The youngest artist showing at “Cyber Arts Japan,” 29-year-old Yuri Suzuki, is among the generation that grew up immersed in the culture that informs so much of new media art today. He has received honorable mentions in Ars Electronica’s interactive art division for two pieces — “Prepared Turntable” (2008) and “Sound Chaser” (2008).
Suzuki — who also happens to be a DJ and a thereminist — holds a Masters in product design from the Royal College of Art in London and is primarily drawn to sound and everything that it offers.
Last year he was particularly busy working collaborations that took him to many locations around the world. For “The Animatic” (2009), shown at the Craft Punk event in Milan, he worked with design collective Household to create a fanciful Rube Goldberg device that literally animates the story behind the Chuck Berry hit “Memphis Tennessee” (as covered by ’80s band Silicon Teens).
His “Breakfast Machine” project, created with the help of designers and volunteers in September for Platform21 in Amsterdam, pays homage to both the kinetic art of Alexander Calder and cinema’s eccentric inventors (see “Wallace & Gromit’s Grand Adventure”). It also happened to attract the attention of British comedy quiz show “Have I Got News For You.” Although the show’s panelists poked fun at its impracticality, the publicity didn’t hurt and the piece itself was a creative coup.
A more recent project, “White Noise Machine,” grew out of his interest in the ability of white noise to calm babies. Inspired by the noise of New Delhi, India, he fitted a large retro-looking speaker with sensors, and for each loud sound it detected, the device countered with a big blast of white noise. To see a humorous video of kids discovering the device’s hidden power, head to YouTube.
“It turned out to be a quite funny installation.

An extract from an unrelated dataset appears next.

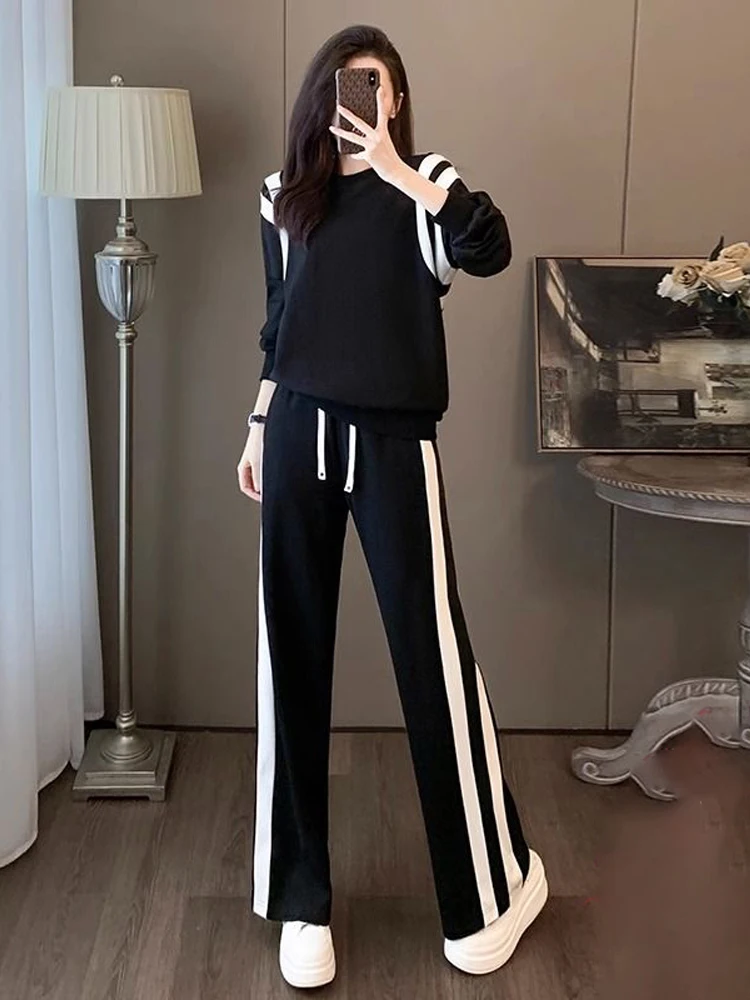 

Casual Sportswear Set Women's Hoodie Wide Leg Pants Two Piece Suite Spring 2026 New Arrival Ele Feel High End Sensation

I was also really happy about tearing down the wall between posh people and working-class people. That was really satisfying,” Suzuki said in a recent interview in Tokyo, of which excerpts follow:
On media art: At first, I didn’t want to be known as a media artist, but I was always put in the media-art category and that happened more frequently after I exhibited at Ars Electronica. After I graduated from the Royal College of Art, I showed at many media-art festivals. Recently, however, I realized there is no market for media art. People prefer to buy sculptures or paintings.
There are two types of media artists. For the first, most of their income comes from teaching at universities or government grants. The other type are artists such as Maywa Denki whose work includes making products to be sold. Or Crispin Jones, a media artist who exhibited at Ars Electronica a few years ago. He invests money into developing products that he sells himself. I feel like these are the only ways to make money.
In the past two years I’ve become disheartened by the media-art environment. It reduces the value of art. It’s really sad to see people play with my work aggressively and break them after I put so much energy and emotion into them. There is no difference between what contemporary artists do and what I do.
On the value of memes: It can be interesting to work with a company on a prototype for manufacturing. I wouldn’t mind my works becoming mass-produced objects. It would be nice to see how people react to them. I’d also like to see my work in a purely artistic context.
I’m more interested in the concept of spreading ideas, though. Advertising is the quickest way to spread a technique or idea. A good example is the video “Hibi no Neiro” made by a commercial director [for the band Sour]. Pepsi later used the exact same idea. Though the artist didn’t get any money from it, his idea spread very quickly. It is intriguing when a small idea can spread to everyone.
On the Magic Kingdom: Since childhood, my dream has always been to work in Walt Disney’s imagineering department, creating stories or attractions. I really like Disney, but I don’t like theme parks so much. Conceptually, Disney’s execution is perfect. It’s perfectly organized down to tiniest details. It’s amazing.
On vision: I always have a clear vision. As soon as I get an offer to do something, I know exactly what I want to do. Then the collaboration process happens and it’s always nice to work with people from different fields. For instance, for “The Animatic” [filmmaker] George Wu wrote a great scenario and [graphic designer] Sarah Gottlieb introduced great visuals.
I’ve recently become interested in fashion branding and why nice clothes can be so expensive. Take Victor & Rolf. They’re creating their own world and their concept is perfect. It’s not about decorations. It’s about concept and branding. I’m interested in one artist creating a world, his own world.